Written by Jonelle Mandseth
Hamilton natives and Canadian alt-rock favourites Arkells rocked the Shaw Conference Centre Friday night in Edmonton, Alberta; setting the bar high for any musicians looking to win over Edmontonians in the city later this year.
Kicking off the Canadian leg of their tour for 2016 release, Morning Report, in Vancouver on February 1st, Edmonton was the second show of the tour. Having played three shows previously in the city, with the latest being 2016’s Labour Day weekend Sonic Boom festival, frontman Max Kerman stated that the Friday night show was the “biggest headline show [they’ve] ever played.”
Despite a nearly two hour set, and fueled by their own excitement, the band succeeded in keeping the crowd alive for a significant portion of their time on stage. Guitarist Mike DeAngelis, with help from Kerman, found himself at the center of attention numerous times. Keyboardist Anthony Carone wowed everyone, including his bandmates, with genuinely badass keyboard solos and trumpet skills. Opening the night with track “A Little Rain (A Song For Pete)”, fans were instantly on their feet and full of energy. Kerman – jumping into the crowd mid-way through the song – may have been a contributing factor, but didn’t let the energy falter once returning to his place on stage.

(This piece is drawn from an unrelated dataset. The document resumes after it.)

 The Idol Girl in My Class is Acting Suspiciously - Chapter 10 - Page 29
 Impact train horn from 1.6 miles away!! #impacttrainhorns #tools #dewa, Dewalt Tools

After cracking out tracks from all four studio albums, including crowd pleasers “Come to Light”, “Michigan Left”, and “11:11”, the band agreed it was time for acoustic “campfire vibes”, strumming along in a circle on stage as the crowd swayed with them. With all the venue lights turned off, Arkellians were asked to light up the concert hall with pure phone-flashlight power (as close to a campfire as the band could get whilst onstage performing to thousands). The campfire rendition, however, proved to be a bit of a crowd-killer. The room’s energy noticeably declined until fan-favourite “Dirty Blonde” got things moving again, with the help of a lucky girl pulled from the audience. Dancing across the stage and on top of speakers with Kerman, the girl’s enthusiasm diffused its way through sweaty bodies until the entire audience found themselves once again dancing away.
The album’s second single, “Drake’s Dad”, saw Kerman in the crowd yet again, this time 15 rows deep singing along with what he called the “Non-Denominational Gospel Choir of Edmonton”. The choir, made up of surrounding fans, found themselves providing the same vocals as the gospel choir featured in the track’s studio recording. The final song (before the encore, of course), was none other than Morning Report’s first single, “Private School”, and did exactly what it needed to get the crowd wanting the encore they rightly deserved. For the second time that night, and third for frontman Frank Turner (he’d earlier been challenged by Kerman to a “battle of rock”), opening act Frank Turner and the Sleeping Souls found themselves back onstage, this time providing instrumentals to “Private School” as all five Arkells surfed the crowd. Very rarely do you find an entire band crowd surfing – especially at the same time – but Arkells proved that if anyone’s capable, it’s them.
The multi-song encore found itself to be the height of the crowd’s energy throughout the evening. Including tracks like “Whistleblower”, “Cynical Bastards”, and closing the night with their biggest hit, “Leather Jacket”, anyone outside the building would have heard fans shouting back the lyrics. Jumping, dancing, and shouting all over each other, it was easy to see the entire concert hall was enjoying themselves, and nobody would be going home without at least one sore muscle or bruise. Arkells showed their fans and critics alike that they know what a concert is and how it should feel, even insisting on taking a group photo with the crowd before exiting the stage. It’s really no wonder Arkells have skyrocketed so rapidly to become the band music lovers are talking about across the nation.
Will you be catching Arkells on the Morning Report tour?